*WHAT THE TASK ASKS*. From the first line of the listing below through the line with "Next point is", transcribe exactly and skip the pictures.

*RECORDED INFORMATION*.
○ ○ ○

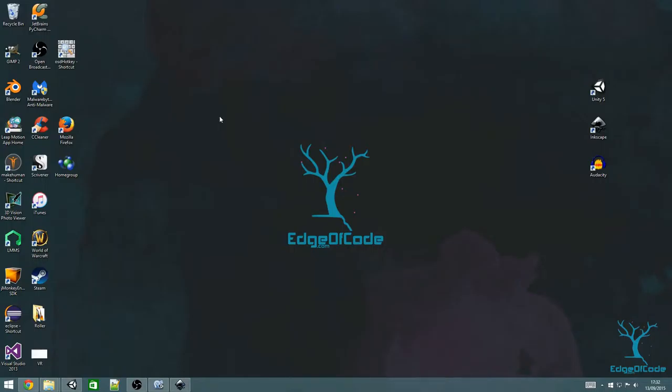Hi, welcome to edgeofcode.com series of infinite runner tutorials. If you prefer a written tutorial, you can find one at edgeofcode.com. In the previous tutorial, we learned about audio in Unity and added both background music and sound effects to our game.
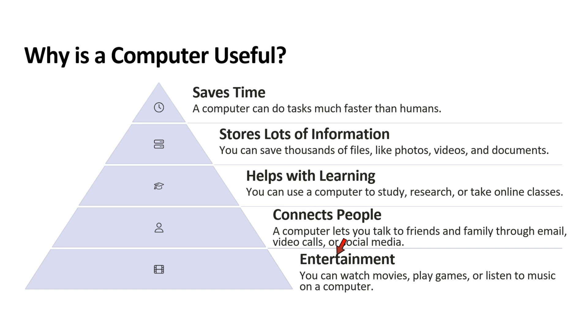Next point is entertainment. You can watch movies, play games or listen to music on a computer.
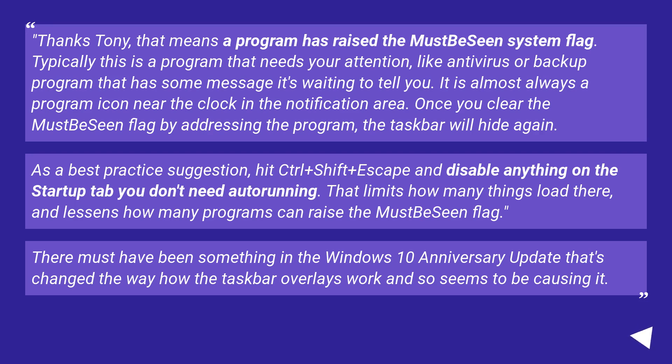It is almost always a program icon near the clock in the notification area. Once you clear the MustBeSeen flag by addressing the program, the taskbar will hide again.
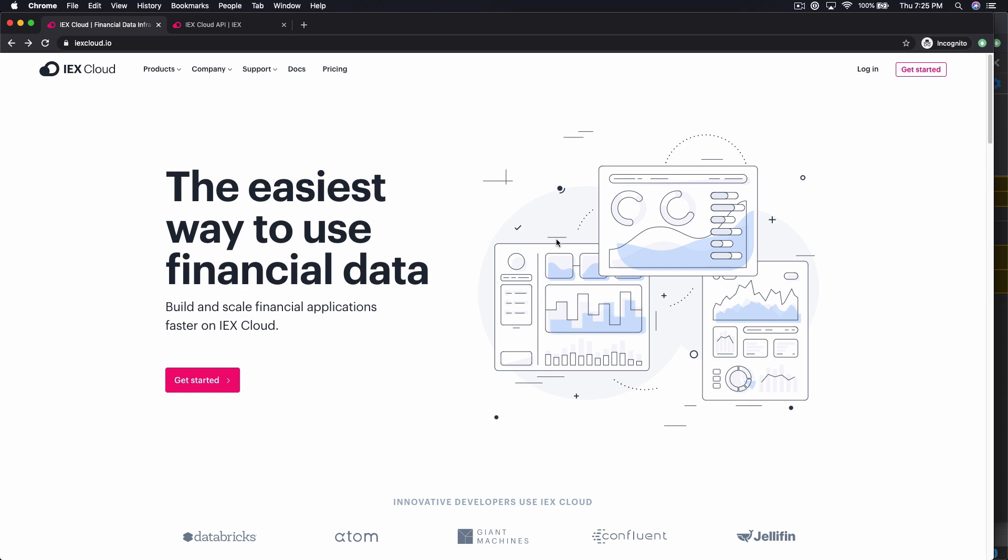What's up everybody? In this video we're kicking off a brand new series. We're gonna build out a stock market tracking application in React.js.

○ ○ ○

*REPLY*.
Hi, welcome to edgeofcode.com series of infinite runner tutorials. If you prefer a written tutorial, you can find one at edgeofcode.com. In the previous tutorial, we learned about audio in Unity and added both background music and sound effects to our game.
Next point is entertainment. You can watch movies, play games or listen to music on a computer.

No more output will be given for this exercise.